Daniel’s visions of the metallic idol and the four beasts are both interpreted as a chronological succession of empires. If we understand the subject matter of Revelation’s visions to concern the Iron legs of the image and the fourth fantastic beast, and we understand them to be in chronological order also, the interpretation is not only more logical, but more simple and more easily demonstrated. Not only do the interpretations have to fit the symbolism of the visions, they also have to do so in the right order.
This is one of the great strengths of the “continual historicist” understanding. Like the cuttings on a key, we must have the right fit in the right place to unlock the meaning. The more numerous the cuttings, or more characters in a password, or more visions in the series, the less chance of a random unlocking, or fudged interpretation. History being in the past means the main events and important eras are already known.

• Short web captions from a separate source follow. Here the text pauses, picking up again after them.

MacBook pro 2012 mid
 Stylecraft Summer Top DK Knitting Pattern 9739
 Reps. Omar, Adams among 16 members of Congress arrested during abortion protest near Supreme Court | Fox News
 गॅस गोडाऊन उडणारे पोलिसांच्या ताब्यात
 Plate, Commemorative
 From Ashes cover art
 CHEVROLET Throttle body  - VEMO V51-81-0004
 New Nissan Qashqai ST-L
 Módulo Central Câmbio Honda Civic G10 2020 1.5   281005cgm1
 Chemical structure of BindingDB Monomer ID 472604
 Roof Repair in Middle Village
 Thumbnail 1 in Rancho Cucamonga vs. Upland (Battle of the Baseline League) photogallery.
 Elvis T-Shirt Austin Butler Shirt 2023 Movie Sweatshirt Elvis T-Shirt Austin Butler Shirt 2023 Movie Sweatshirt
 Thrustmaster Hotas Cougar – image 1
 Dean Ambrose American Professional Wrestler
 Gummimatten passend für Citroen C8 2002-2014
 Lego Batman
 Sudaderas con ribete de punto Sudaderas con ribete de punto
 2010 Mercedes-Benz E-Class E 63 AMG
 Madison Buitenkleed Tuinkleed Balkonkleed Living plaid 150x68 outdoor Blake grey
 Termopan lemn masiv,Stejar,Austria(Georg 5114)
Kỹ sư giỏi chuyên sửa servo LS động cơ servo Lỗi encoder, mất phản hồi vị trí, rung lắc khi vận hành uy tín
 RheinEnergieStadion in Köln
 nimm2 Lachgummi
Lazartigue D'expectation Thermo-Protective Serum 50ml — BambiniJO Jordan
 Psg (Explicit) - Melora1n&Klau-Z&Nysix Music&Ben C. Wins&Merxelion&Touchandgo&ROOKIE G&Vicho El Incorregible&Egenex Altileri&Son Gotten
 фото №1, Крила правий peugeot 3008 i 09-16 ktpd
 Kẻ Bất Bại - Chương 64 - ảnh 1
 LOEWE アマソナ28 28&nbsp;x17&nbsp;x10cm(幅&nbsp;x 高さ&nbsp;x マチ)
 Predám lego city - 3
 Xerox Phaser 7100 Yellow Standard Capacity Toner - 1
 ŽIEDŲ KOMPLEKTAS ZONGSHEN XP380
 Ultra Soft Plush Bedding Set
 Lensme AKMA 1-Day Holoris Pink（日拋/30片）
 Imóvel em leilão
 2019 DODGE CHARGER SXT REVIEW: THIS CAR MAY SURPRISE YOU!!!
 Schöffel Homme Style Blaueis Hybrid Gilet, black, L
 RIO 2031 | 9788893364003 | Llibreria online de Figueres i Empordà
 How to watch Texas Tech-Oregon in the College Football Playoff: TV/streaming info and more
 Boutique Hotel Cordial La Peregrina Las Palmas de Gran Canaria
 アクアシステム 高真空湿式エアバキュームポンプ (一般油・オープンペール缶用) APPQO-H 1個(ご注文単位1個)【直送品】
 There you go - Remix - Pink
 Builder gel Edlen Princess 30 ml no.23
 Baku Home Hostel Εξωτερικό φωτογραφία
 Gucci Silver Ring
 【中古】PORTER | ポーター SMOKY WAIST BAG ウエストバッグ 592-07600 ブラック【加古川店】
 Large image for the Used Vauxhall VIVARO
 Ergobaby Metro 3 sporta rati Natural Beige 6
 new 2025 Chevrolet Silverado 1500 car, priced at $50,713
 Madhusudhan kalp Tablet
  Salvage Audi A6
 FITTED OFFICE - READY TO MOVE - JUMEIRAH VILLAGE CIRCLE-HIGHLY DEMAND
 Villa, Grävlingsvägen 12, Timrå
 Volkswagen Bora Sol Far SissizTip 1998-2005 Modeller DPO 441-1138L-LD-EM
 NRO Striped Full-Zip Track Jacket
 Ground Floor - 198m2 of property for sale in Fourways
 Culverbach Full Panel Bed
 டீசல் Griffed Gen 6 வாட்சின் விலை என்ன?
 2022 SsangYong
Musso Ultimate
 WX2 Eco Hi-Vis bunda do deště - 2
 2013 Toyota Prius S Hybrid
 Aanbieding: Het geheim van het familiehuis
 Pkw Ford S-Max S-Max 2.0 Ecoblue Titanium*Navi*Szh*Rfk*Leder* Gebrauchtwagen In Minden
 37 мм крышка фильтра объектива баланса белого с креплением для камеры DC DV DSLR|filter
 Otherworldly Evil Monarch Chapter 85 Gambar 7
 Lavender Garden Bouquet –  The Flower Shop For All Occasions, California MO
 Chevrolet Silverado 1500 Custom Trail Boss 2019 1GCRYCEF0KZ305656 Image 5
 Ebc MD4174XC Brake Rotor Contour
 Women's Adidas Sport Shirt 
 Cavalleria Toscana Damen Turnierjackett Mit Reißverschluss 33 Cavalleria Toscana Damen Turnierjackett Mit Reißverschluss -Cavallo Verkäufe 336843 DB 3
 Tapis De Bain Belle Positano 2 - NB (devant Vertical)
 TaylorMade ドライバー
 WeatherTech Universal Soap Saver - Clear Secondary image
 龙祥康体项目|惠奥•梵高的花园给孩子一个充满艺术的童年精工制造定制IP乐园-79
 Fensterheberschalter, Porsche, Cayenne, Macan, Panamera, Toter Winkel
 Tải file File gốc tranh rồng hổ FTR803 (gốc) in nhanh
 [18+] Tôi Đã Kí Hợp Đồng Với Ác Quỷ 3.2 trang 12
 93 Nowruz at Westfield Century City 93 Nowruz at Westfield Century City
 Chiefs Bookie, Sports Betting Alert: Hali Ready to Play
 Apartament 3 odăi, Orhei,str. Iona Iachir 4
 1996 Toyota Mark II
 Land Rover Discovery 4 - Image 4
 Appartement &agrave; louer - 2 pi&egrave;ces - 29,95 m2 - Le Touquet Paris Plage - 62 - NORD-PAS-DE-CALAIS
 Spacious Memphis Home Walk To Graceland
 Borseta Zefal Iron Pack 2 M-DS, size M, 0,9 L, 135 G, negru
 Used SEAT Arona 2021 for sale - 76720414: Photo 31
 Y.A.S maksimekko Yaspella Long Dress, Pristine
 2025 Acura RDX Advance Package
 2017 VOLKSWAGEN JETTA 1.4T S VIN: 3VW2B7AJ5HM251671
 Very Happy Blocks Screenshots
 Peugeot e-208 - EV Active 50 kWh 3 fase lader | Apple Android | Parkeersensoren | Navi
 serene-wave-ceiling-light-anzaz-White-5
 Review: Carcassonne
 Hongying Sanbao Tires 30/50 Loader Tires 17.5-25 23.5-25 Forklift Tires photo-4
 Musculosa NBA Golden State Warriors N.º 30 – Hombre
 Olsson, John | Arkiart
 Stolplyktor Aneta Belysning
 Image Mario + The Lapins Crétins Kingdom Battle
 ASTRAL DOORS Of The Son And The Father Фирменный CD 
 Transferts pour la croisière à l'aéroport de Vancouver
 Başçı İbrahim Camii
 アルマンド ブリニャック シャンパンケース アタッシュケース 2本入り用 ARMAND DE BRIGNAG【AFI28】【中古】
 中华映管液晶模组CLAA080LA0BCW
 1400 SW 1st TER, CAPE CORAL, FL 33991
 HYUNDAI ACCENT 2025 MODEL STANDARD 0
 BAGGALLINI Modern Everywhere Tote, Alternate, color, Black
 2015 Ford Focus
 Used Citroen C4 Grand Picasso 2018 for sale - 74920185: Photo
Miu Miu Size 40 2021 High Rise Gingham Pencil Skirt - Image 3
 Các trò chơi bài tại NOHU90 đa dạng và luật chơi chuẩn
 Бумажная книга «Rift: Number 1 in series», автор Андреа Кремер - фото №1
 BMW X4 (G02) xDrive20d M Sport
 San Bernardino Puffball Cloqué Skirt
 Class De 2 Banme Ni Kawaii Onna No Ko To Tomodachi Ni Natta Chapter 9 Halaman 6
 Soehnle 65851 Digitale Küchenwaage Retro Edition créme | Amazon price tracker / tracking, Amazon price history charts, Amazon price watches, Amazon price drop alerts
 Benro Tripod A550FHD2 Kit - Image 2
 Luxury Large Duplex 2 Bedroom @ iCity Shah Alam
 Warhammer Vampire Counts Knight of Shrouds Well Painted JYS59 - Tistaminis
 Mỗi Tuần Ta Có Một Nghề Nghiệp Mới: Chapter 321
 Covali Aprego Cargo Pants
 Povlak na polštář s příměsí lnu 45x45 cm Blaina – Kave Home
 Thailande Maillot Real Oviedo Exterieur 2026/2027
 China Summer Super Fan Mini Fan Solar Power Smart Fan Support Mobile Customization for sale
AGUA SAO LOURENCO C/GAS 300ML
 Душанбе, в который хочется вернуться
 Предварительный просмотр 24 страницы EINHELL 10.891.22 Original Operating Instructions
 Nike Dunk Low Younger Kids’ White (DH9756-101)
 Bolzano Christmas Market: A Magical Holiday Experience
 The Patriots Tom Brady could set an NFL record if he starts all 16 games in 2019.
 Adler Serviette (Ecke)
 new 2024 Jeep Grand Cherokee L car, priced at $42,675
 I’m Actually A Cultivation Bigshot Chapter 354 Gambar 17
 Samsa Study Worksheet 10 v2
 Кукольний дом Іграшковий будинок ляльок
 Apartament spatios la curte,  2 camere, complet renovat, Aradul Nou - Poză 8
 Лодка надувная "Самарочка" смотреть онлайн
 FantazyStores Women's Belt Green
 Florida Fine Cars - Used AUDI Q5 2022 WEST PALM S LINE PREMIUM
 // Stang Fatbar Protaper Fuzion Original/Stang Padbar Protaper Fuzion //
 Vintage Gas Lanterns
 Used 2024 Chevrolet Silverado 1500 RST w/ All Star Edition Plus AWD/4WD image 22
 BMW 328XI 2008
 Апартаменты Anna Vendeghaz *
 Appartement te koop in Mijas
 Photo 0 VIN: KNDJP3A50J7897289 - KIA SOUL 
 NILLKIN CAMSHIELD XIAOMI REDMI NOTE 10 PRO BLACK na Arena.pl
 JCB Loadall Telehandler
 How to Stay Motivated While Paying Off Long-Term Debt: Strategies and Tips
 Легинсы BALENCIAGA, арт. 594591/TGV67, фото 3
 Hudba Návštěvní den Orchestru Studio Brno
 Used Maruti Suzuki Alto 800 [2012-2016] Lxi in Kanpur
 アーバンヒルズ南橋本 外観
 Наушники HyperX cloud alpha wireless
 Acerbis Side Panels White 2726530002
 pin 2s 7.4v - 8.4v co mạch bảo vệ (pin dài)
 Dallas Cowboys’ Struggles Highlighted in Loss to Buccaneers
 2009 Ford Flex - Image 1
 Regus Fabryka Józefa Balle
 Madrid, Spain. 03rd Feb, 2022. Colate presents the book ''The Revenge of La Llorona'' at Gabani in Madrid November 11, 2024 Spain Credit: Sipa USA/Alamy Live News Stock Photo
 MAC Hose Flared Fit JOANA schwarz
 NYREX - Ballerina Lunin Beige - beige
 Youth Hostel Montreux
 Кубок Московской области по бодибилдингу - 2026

This makes it much easier to determine if we have the correct fit.
If we view a basic timeline of the events that have been proposed to fit the visions, we can see that they take us from the time Revelation was written, to the beginning of the last Vial in the era of the 20th century, and the great world wars near its beginning.
The First Seal represents the peak and glory of Rome. Those after it outline its decline, and then its transformation from an overtly pagan Empire into one that was nominally Christian. The Seventh Seal describes Rome’s fall in the visions of the Trumpets and Vials.
The Seven Trumpets outline the sudden barbarian waves of invasion in the Western Roman Empire, then the gradual extinction of the Eastern Empire in connection with the rise of Islam. They describe the Reformation and then, in the Seventh Trumpet, the fall of papal Rome under the sub-heading visions of the Seven Vials.
The Seven Vials of God’s wrath on Catholic Europe begin in the era of the French and European revolutions of the late 1700s and 1800s, and continue through the loss of the Papal States in 1870, and drying up of the Ottoman Empire, into the First and Second World Wars and beyond.
All of these individual visions will be explored in later sets of slides. (More detailed expositions are also available in the many free books on prophecy that can be downloaded from this website.)
The red area corresponds to the rise and dominance of papal Rome and the Islamic empires throughout the Dark Ages. Both were destined to be gradually consumed and weakened before the end of the age.
The extended eras of the Fifth and Sixth Trumpets in the east, and the simultaneous dominance of the Iron and Clay kingdoms in the west are the only visions to have definite prophetic timeframes included with them. A glance at the timeline shows this may have been necessary to confirm both their correct interpretation and their extended duration when compared with the other shorter visions.
While Jesus said we “know neither the day nor the hour wherein the Son of man cometh” yet he also prophesied while on earth of the era that would lead up to his coming, and said,
And when these things begin to come to pass, then look up, and lift up your heads; for your redemption draweth nigh. … So likewise ye, when ye see these things come to pass, know ye that the kingdom of God is nigh at hand.
The Revelation of Jesus Christ was given by him to reveal, and his Spirit to show us “things to come”. God has not left his people without hope or a basic outline and timeframe of his plan.
2 Peter 1:19
We have also a more sure word of prophecy; whereunto ye do well that ye take heed, as unto a light that shineth in a dark place, until the day dawn, and the day star arise in your hearts:
Surely the Lord GOD will do nothing, but he revealeth his secret unto his servants the prophets.